ONE DAY ONE HADITH
Diriwayatkan dari
Aisyah RA, Ia berkata:
وَمَا رَأَيْتُ رَسُولَ اللَّهِ صَلَّى
اللَّهُ عَلَيْهِ وَسَلَّمَ اسْتَكْمَلَ صِيَامَ شَهْرٍ قَطُّ إِلَّا رَمَضَانَ وَمَا
رَأَيْتُهُ فِي شَهْرٍ أَكْثَرَ مِنْهُ صِيَامًا فِي شَعْبَانَ
Aku tidak pernah
melihat Rasulullah SAW melakukan puasa satu bulan penuh kecuali puasa bulan
Ramadhan dan aku tidak pernah melihat beliau lebih banyak berpuasa sunah
melebihi (puasa sunah) di bulan Sya’ban. [HR Bukhari]
Catatan Alvers
Rasul SAW begitu
mengistimewakan bulan Sya’ban dengan memperbanyak puasa di dalamnya sebagaimana
keterangan hadits di atas. Imam Ibnu Hajar Al-‘Asqalani berpendapat : “Hadits
di atas merupakan dalil keutamaan puasa sunnah di bulan Sya’ban.” [Fathul Bari]

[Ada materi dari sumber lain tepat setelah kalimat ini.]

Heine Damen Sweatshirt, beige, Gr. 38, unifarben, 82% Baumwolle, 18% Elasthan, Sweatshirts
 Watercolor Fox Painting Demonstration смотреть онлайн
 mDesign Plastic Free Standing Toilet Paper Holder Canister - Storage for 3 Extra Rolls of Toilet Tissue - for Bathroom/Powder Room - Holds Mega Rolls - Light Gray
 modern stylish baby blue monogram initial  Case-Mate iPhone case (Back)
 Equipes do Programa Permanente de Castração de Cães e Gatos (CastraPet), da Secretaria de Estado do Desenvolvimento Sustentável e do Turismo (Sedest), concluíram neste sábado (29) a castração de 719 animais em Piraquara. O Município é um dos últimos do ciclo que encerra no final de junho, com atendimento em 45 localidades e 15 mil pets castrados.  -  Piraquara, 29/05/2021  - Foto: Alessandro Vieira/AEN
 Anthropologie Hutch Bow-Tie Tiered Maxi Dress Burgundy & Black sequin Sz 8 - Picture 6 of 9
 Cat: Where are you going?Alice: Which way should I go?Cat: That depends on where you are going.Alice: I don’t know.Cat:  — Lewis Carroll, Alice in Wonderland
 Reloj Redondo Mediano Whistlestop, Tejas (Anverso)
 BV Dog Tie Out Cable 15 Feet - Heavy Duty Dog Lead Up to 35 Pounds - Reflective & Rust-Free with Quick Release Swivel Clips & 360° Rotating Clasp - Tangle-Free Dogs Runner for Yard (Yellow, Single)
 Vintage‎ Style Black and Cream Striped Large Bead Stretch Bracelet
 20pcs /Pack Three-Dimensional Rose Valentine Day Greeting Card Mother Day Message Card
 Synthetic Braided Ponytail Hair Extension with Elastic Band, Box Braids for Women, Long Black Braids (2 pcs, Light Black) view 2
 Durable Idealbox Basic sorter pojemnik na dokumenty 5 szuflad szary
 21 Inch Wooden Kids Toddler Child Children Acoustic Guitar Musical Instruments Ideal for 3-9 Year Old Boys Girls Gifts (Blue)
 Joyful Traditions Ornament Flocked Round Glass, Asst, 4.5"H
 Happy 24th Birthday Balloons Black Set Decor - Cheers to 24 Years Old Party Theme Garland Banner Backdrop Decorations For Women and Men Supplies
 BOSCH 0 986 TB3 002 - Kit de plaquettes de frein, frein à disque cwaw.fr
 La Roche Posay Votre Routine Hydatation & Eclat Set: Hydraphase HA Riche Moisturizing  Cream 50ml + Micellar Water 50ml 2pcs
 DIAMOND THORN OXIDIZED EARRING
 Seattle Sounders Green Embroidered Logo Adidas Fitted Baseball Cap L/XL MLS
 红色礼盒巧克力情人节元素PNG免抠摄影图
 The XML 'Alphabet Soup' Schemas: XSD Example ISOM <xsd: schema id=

dan Imam Ash-Shan’ani berkata: Hadits ini menunjukkan bahwa Rasulullah SAW
mengistimewakan bulan Sya’ban dengan melakukan puasa sunnah lebih banyak dari
bulan lainnya. [Subulus Salam] Dan diriwayatkan dari Ummu Salamah, ia berkata :
أَنَّهُ لَمْ يَكُنْ يَصُومُ مِنْ السَّنَةِ
شَهْرًا تَامًّا إِلَّا شَعْبَانَ يَصِلُهُ بِرَمَضَانَ
Rasul SAW tidak
berpuasa selama satu bulan secara sempurna (penuh) dari sepanjang tahun
melainkan bulan sya’ban dimana beliau menyambungnya dengan ramadhan. [HR Abu Dawud]
Secara tekstual pada
hadits ini dinyatakan bahwa beliau berpuasa sebulan penuh namun pengertiannya
tidaklah demikian. Syaikh Muhammad Abadi berkata : maksudnya beliau berpuasa
pada “Mu’dzam” (sebagian besar) sya’ban.
Ibnul Mubarak berkata : diperbolehkan dalam bahasa arab jika seseorang
berpuasa sebagian besar dalam satu bulan untuk dikatakan ia berpuasa sebulan
penuh. Dan dikatakan pula si fulan melakukan ibada semalam suntuk padahal dari
sepanjang malam ia bisa saja melakukan sebagian urusan yang lain pada sebagian
waktunya. [Aunul Ma’bud]
Hal ini menjadi jelas
dengan keterangan Sayyidah Aisyah RA pada hadits utama di atas yaitu “Aku tidak
pernah melihat Rasulullah SAW melakukan puasa satu bulan penuh kecuali puasa
bulan Ramadhan.” Dan dalam riwayat lain Sayyidah Aisyah RA berkata :
وَلَمْ أَرَهُ صَائِمًا مِنْ شَهْرٍ
قَطُّ أَكْثَرَ مِنْ صِيَامِهِ مِنْ شَعْبَانَ كَانَ يَصُومُ شَعْبَانَ كُلَّهُ كَانَ
يَصُومُ شَعْبَانَ إِلَّا قَلِيلًا
Aku tidak pernah
melihat beliau berpuasa sunnah dalam sebulan yang lebih banyak daripada puasa
beliau di bulan Sya’ban. Beliau berpuasa pada bulan Sya’ban sebulan kecuali
beberapa hari saja [HR Muslim]
Imam Nawawi berkata :
kalimat kedua “kecuali beberapa hari saja“ menafsiri kalimat pertama “berpuasa
pada bulan Sya’ban sebulan” dan menjelaskan bahwa makna “Kullahu”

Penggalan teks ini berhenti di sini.